Despite the territorial tensions and a stinging condemnation from the US, Beijing is pressing on with what Washington calls "militarisation" of the South China Sea. Fox News, citing two unnamed Obama administration officials, reported that China's Shenyang-J11 (Flanker) and Xian JH-7 (Flounder) were spotted by the US intelligence on the disputed island. The number of the fighter jets has been put under 10.
Woody Island is the largest in the archipelago, which is a hotbed of territorial tensions and a potential flashpoint, with multiple countries like Vietnam, Taiwan and Japan having overlapping claims. China's recent military build-up has been a serious cause of concern for other nations in the region and also to the US.
It has also come at a time when US Secretary of State John Kerry is hosting the Chinese foreign minister in Washington. Responding to the developments, Wang said in a news conference: "We don't hope to see any more close-up military reconnaissance or the dispatch of missile destroyers or strategic bombers to the South China Sea." China has repeatedly argued they are not aggressive in expanding their positions in the South China Sea but the deployments are meant for only defence purposes.
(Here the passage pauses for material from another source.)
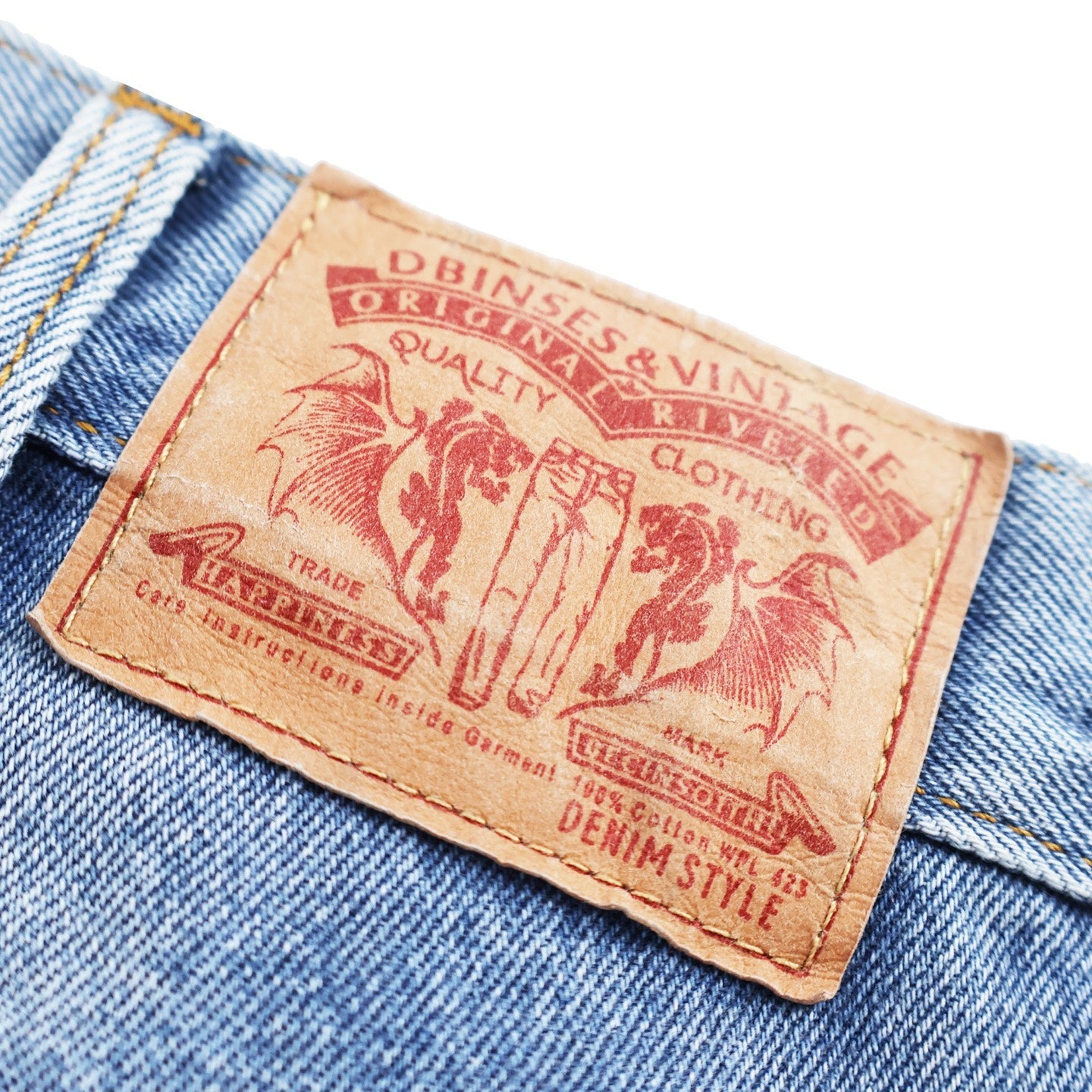 Chrome 25ss cargo jeans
Nevertheless, Kerry also called for a scaling down of tensions but insisted he is not singling out China. The top American diplomat told reporters: "We want to hold the expansion and the militarisation of occupied features. It is important for all of the nations — China, the Philippines, Vietnam and others — not to engage in any unilateral steps of reclamation, of building, of militarisation. And the fact is that there have been steps by China, by Vietnam, by others that have unfortunately created an escalatory cycle."